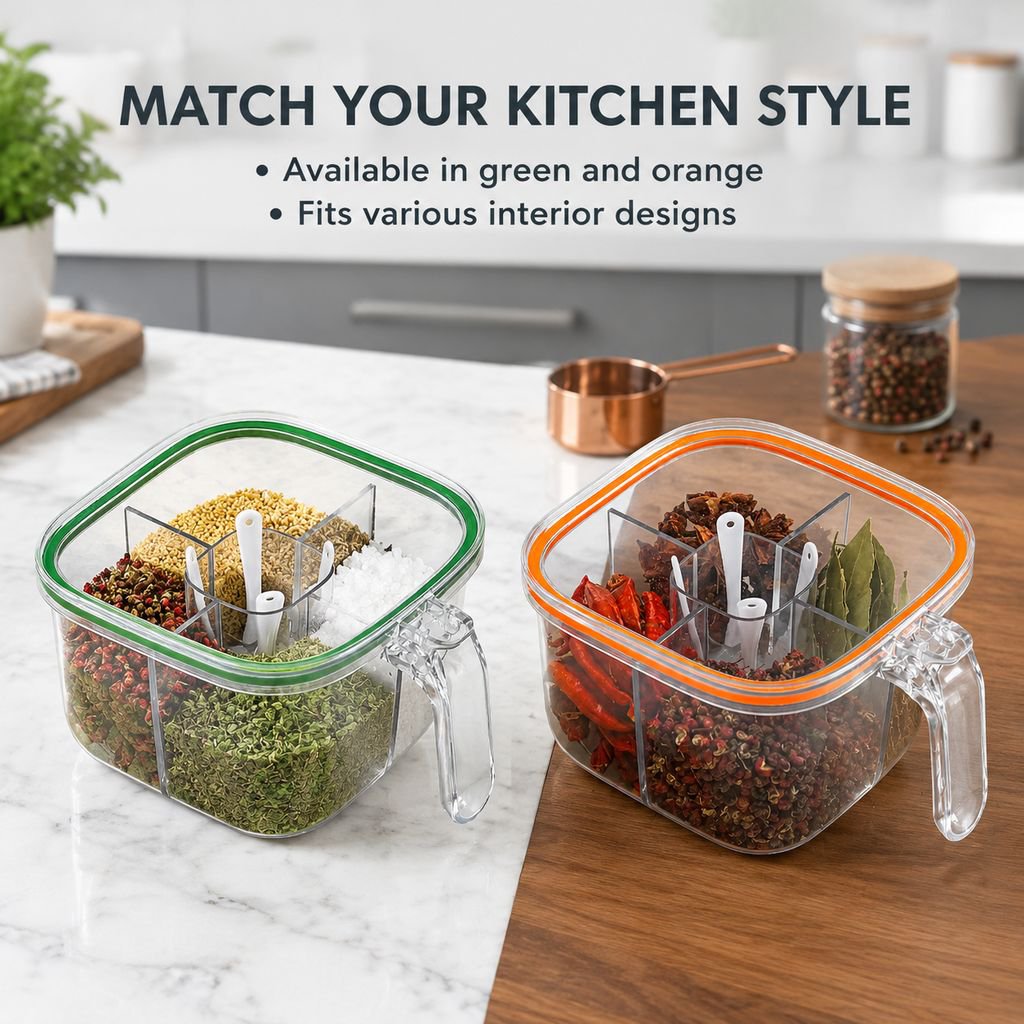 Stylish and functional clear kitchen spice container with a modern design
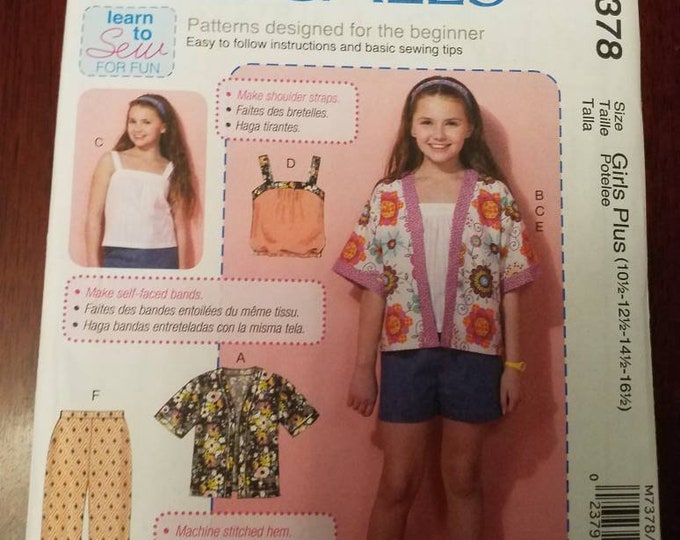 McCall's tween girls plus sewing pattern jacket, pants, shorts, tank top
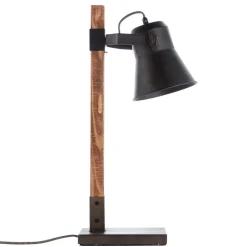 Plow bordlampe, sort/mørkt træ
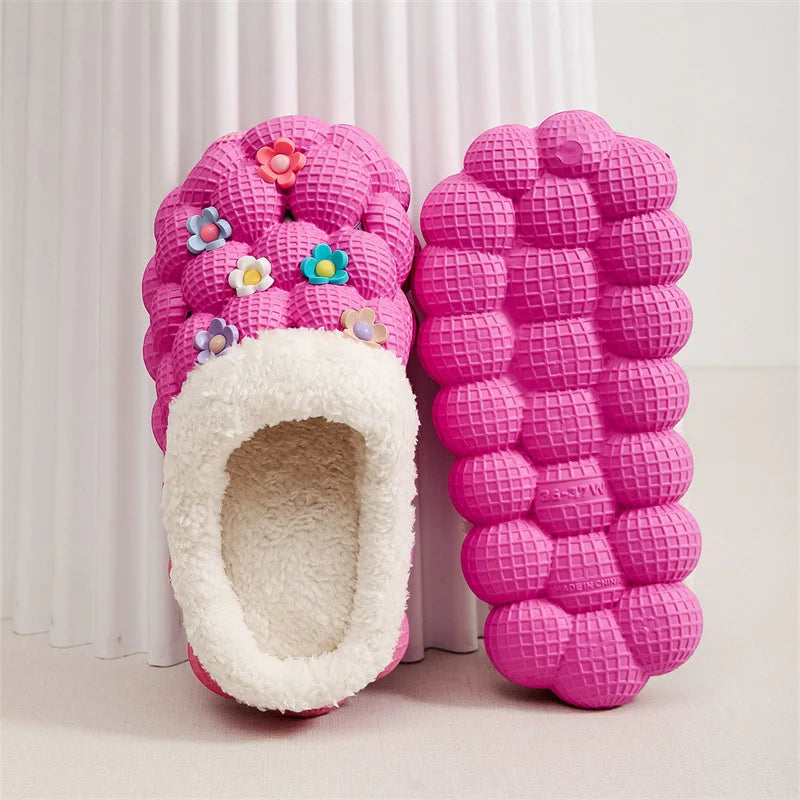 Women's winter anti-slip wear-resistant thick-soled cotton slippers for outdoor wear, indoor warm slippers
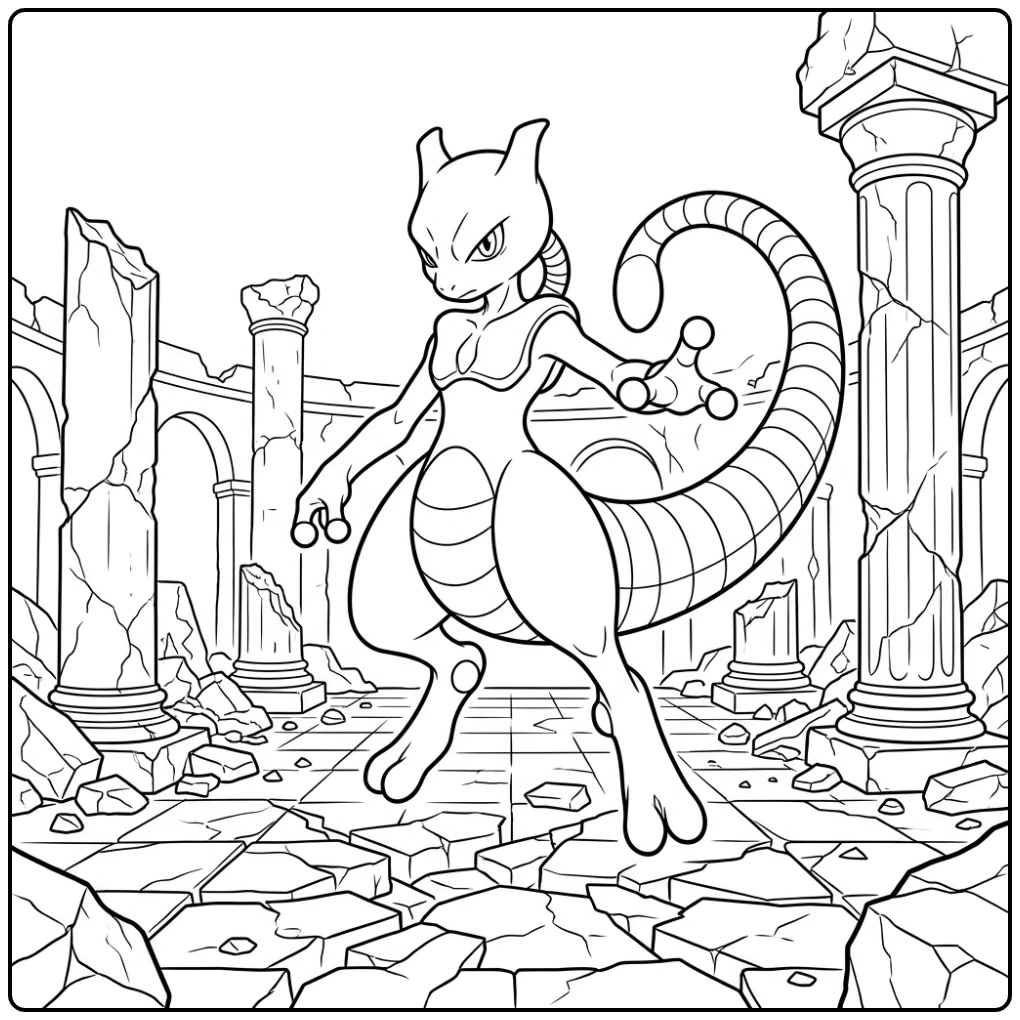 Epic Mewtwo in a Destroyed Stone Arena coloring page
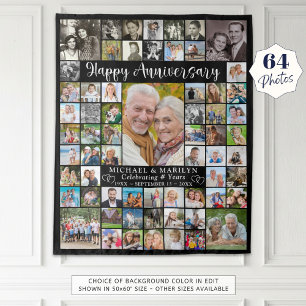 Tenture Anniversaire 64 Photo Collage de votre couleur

· · · ·

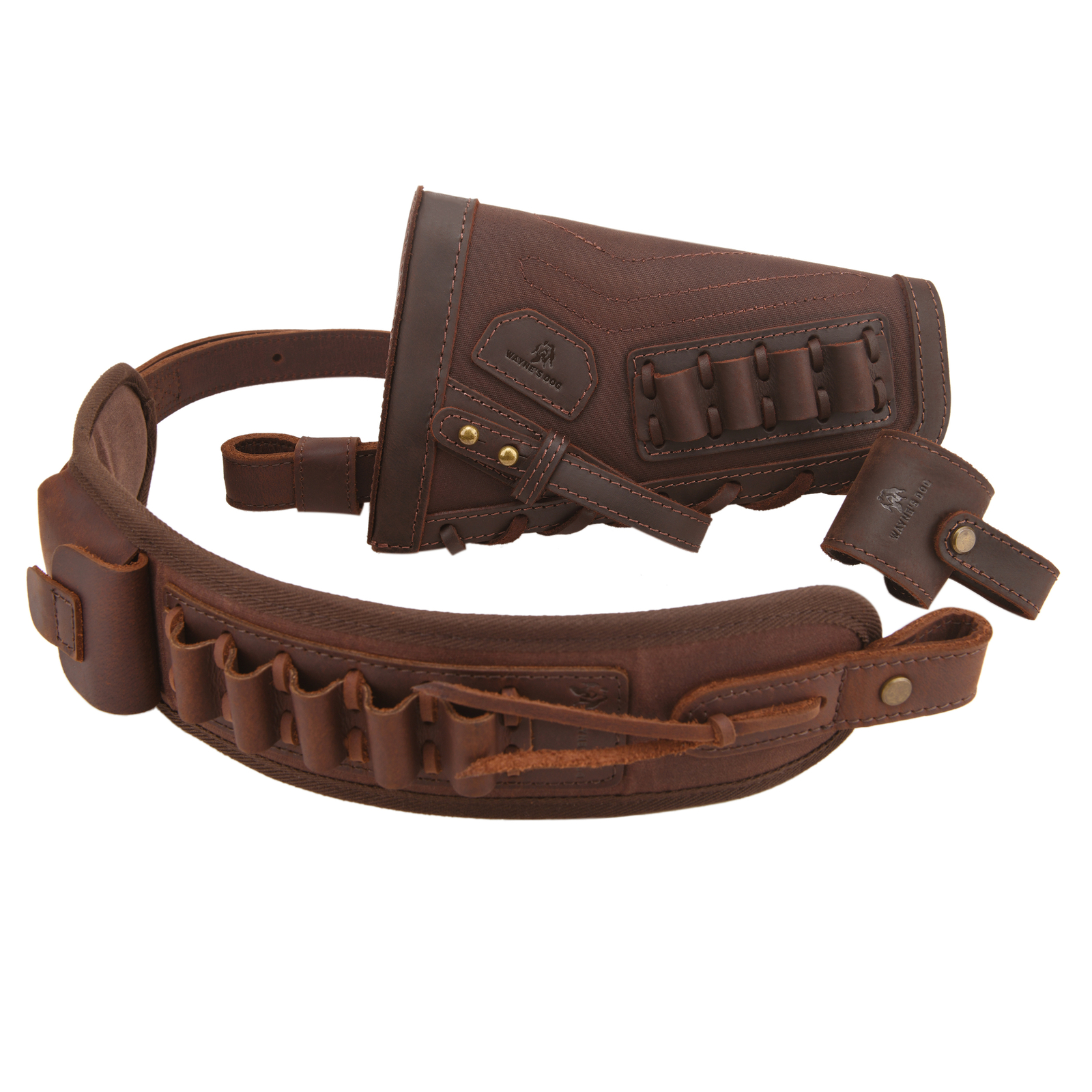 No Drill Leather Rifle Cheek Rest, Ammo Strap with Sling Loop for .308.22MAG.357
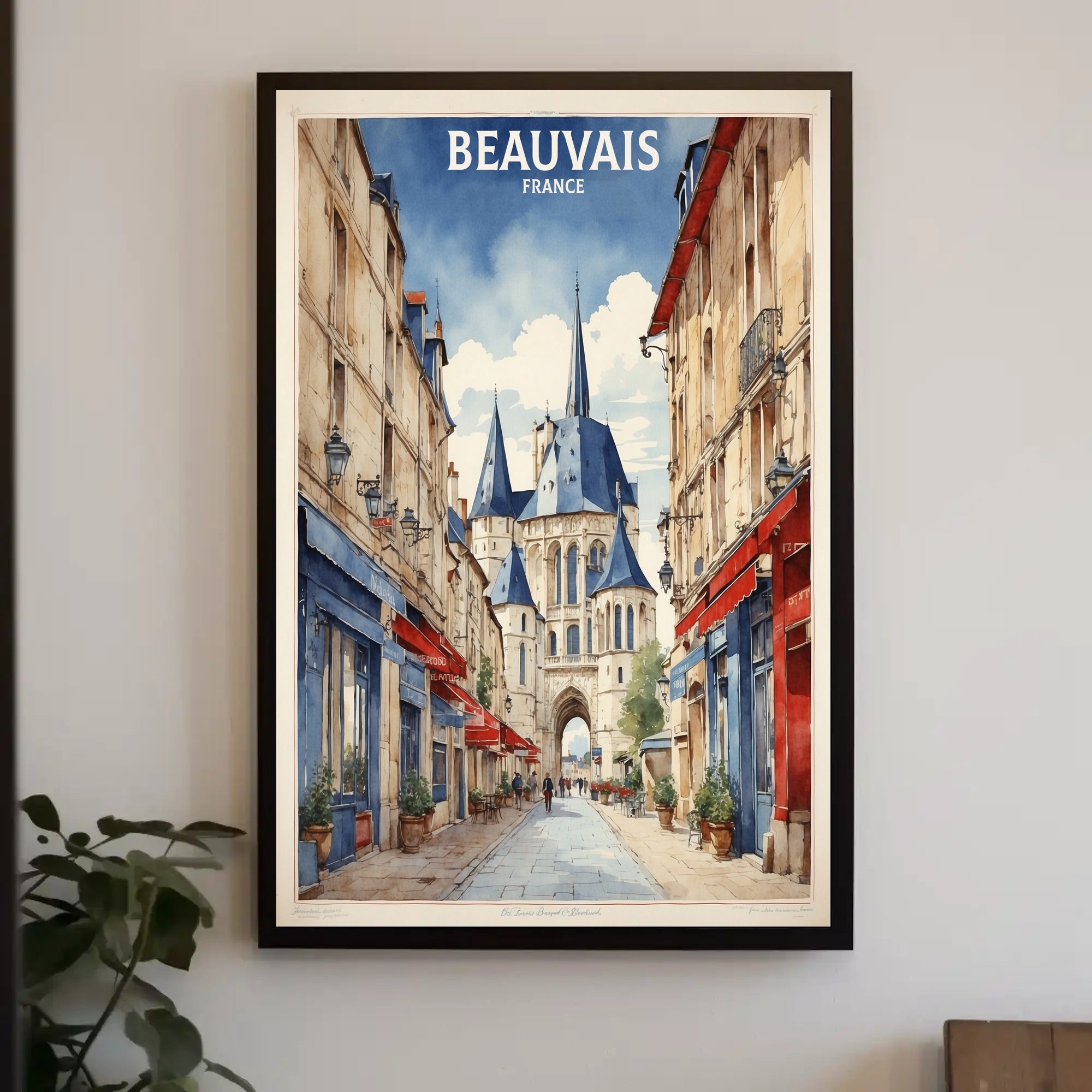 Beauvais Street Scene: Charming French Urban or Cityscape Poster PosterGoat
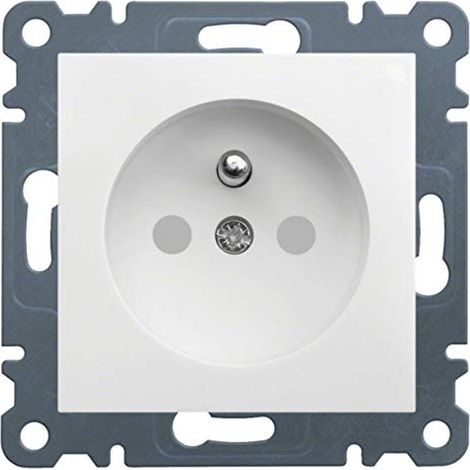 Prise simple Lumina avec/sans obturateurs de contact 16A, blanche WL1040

· · · ·

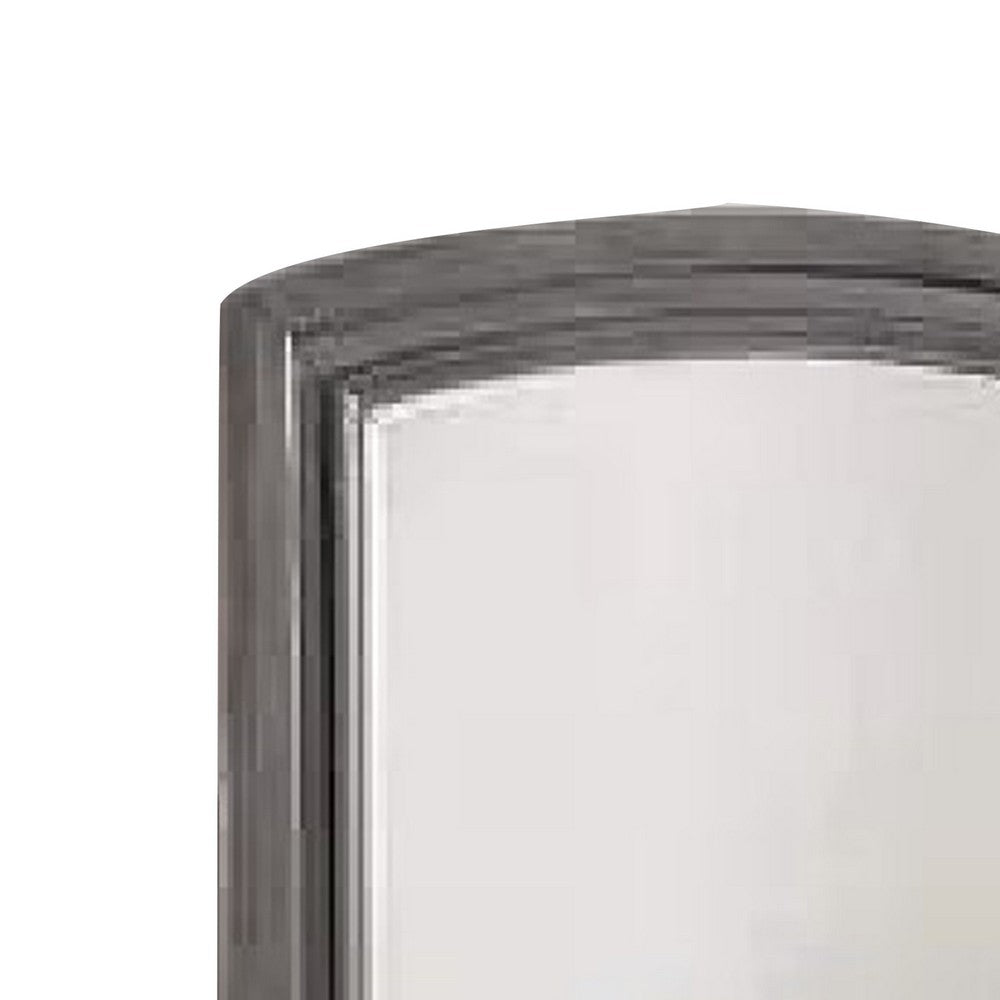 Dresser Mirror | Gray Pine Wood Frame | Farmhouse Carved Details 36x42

· · · ·

## [DIRECTIONS]
For this exercise, set down the lines in the entries above from the one with "Epic Mewtwo in" through the one with "Tenture Anniversaire 64" exactly as written, without any pictures.

## [SOLUTION]
 Epic Mewtwo in a Destroyed Stone Arena coloring page
 Tenture Anniversaire 64 Photo Collage de votre couleur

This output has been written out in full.